Everything is pointing toward Caleb Williams hoisting the Heisman Trophy come Saturday night in New York.

In the past 13 seasons, only four players have had better odds going into the ceremony than what the USC quarterback has at -2500, and since 2009 not a single favorite at the stage has lost the trophy. From that end, wow it plays out is a mere formality. The only questions that remain lie within the voting figures themselves.

Did the Trojans losing the Pac-12 Championship Game and missing out on the College Football Playoff impact the margin of victory? Did this go from a landslide to a narrow win for Williams … or was he just so far out ahead of this field going into the final days that it didn’t even matter?

We used to be able to look at the number of finalists making the trip to provide some kind of framework in forecasting how those vote totals would look.

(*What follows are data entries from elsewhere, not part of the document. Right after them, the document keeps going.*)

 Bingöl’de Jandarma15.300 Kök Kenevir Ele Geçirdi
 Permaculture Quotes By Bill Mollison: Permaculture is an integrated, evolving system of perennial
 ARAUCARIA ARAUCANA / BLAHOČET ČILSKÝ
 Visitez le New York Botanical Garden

When the Downtown Athletic Club/Heisman Trust began welcoming players to the proceedings in 1982, it capped the number at the natural break in the point totals. Add up each player’s points on a ballot that awards three for first place, two for second and one for third, and you’d get fields of finalists ranging from three players to six.

But going forward, that roadmap becomes a little tougher to read. The Trust is now inviting four players every year, no matter what, which has Williams joined this weekend by Georgia’s Stetson Bennett IV, TCU’s Max Duggan and Ohio State’s C.J. Stroud.

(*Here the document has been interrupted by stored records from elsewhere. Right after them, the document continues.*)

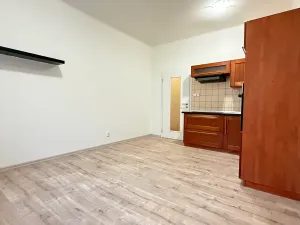 Prodej bytu 1+1, Plzeň, Tělocvičná, 47 m2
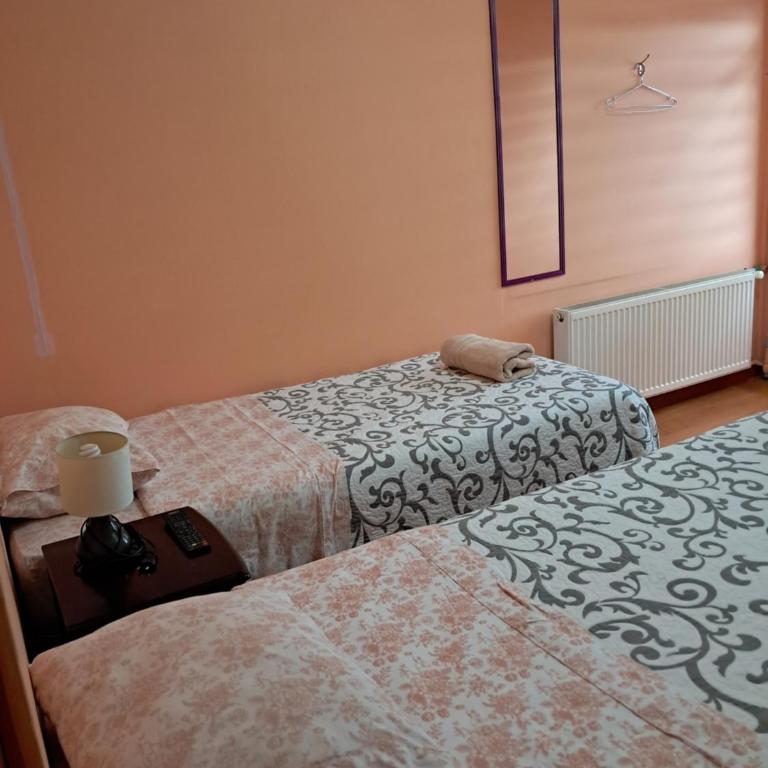 Casa Hospedaje Costanera - Twin Room with Private Bathroom - 1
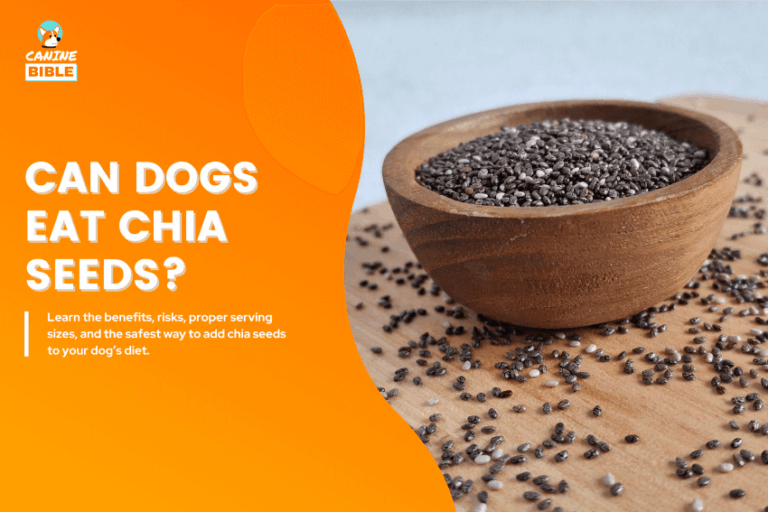 Can Dogs Eat Chia Seeds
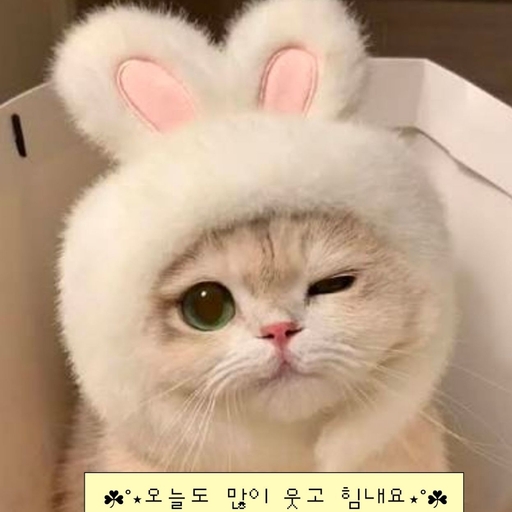 피드 이미지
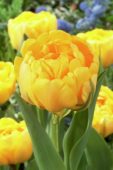 Tulipani Yellow Pompenette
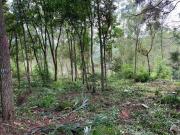 Terreno à venda Rio Abaixo Mairiporã/SP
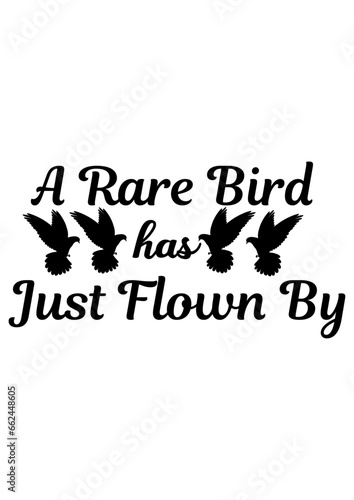 A rare bird has just flown by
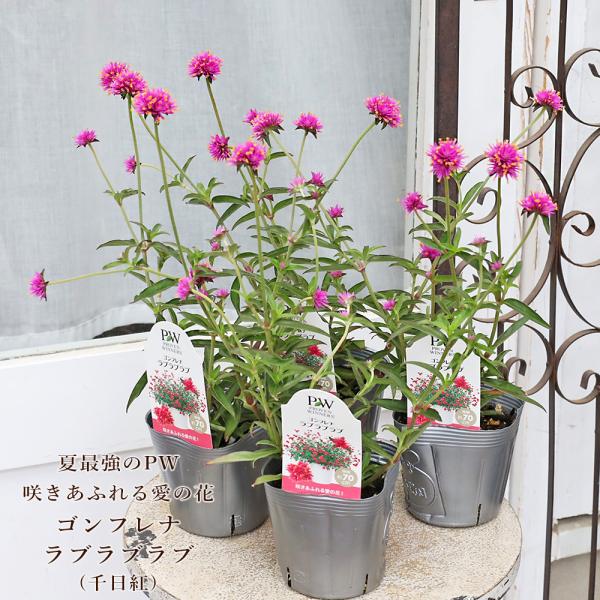 花苗 PW ゴンフレナ ラブラブラブ 3.5号 千日紅 栄養系 夏の花 かわいい 暑さに強い ピンク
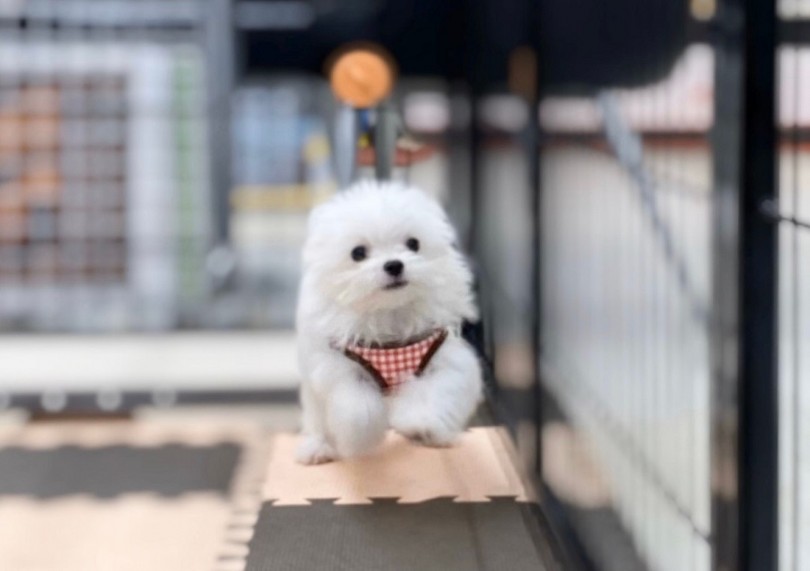 お散歩のトレーニングが始まりました | MIX犬 （311900） - 港北ニュータウン店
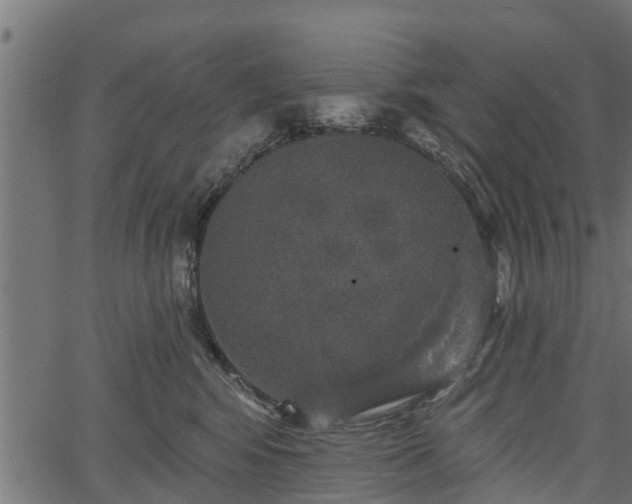 X0000066930424200603311357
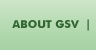 About GSV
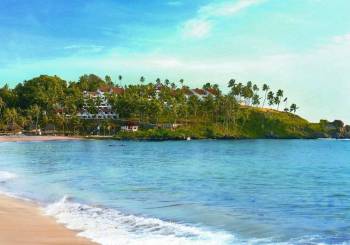 The Best Of Kerala Kochi - Munnar - Alleppey - Kovalam 6N 7DPackage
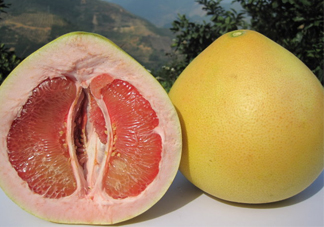 紅心蜜柚是不是轉(zhuǎn)基因？蜜柚是哪個(gè)地方的特產(chǎn)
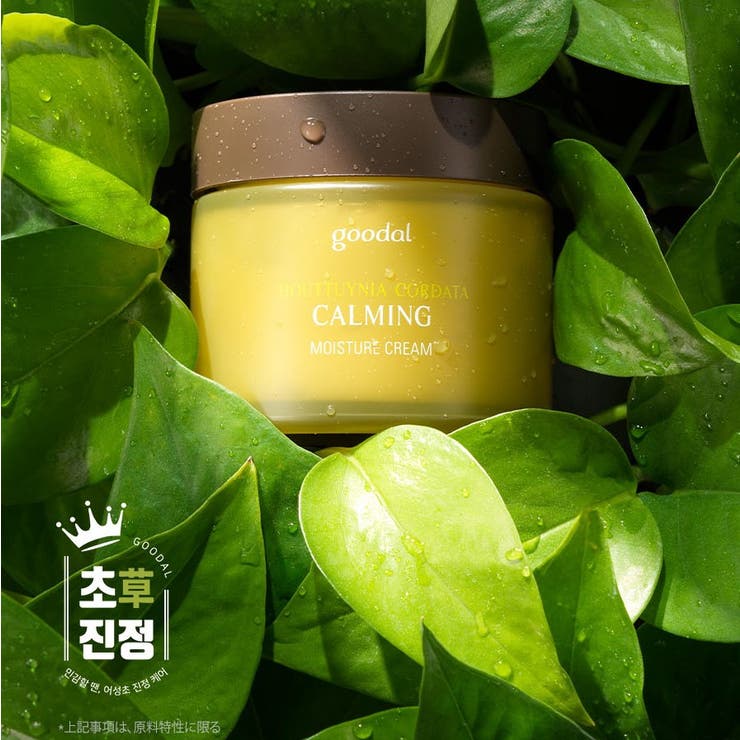 GOODAL / グーダルHC/ドクダミ鎮静モイスチャークリームセット(HOUTTUYNIA CORDATA CALMING MOISTURE CREAM SET)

Historically, fields of four have been the stage for big wins, including four of the largest margins of victory all-time in LSU’s Joe Burrow (1,846 points in 2019), Michigan’s Desmond Howard (1,574 in 1991), Texas’ Ricky Williams (1,563 in 1998) and Alabama’s Bryce Young (1,357) last year. The four previous ceremonies with four players have resulted in an average margin of 1,264 points, more than 500 points higher than the averages across 40 years of finalists.

But now that four players are always making the trip, though, looking to that numbers as a guide is meaningless. Under the old system, there may be only three players in attendance this season, considering the way Stroud ended his regular season. We won’t know that for sure until after the votes are revealed.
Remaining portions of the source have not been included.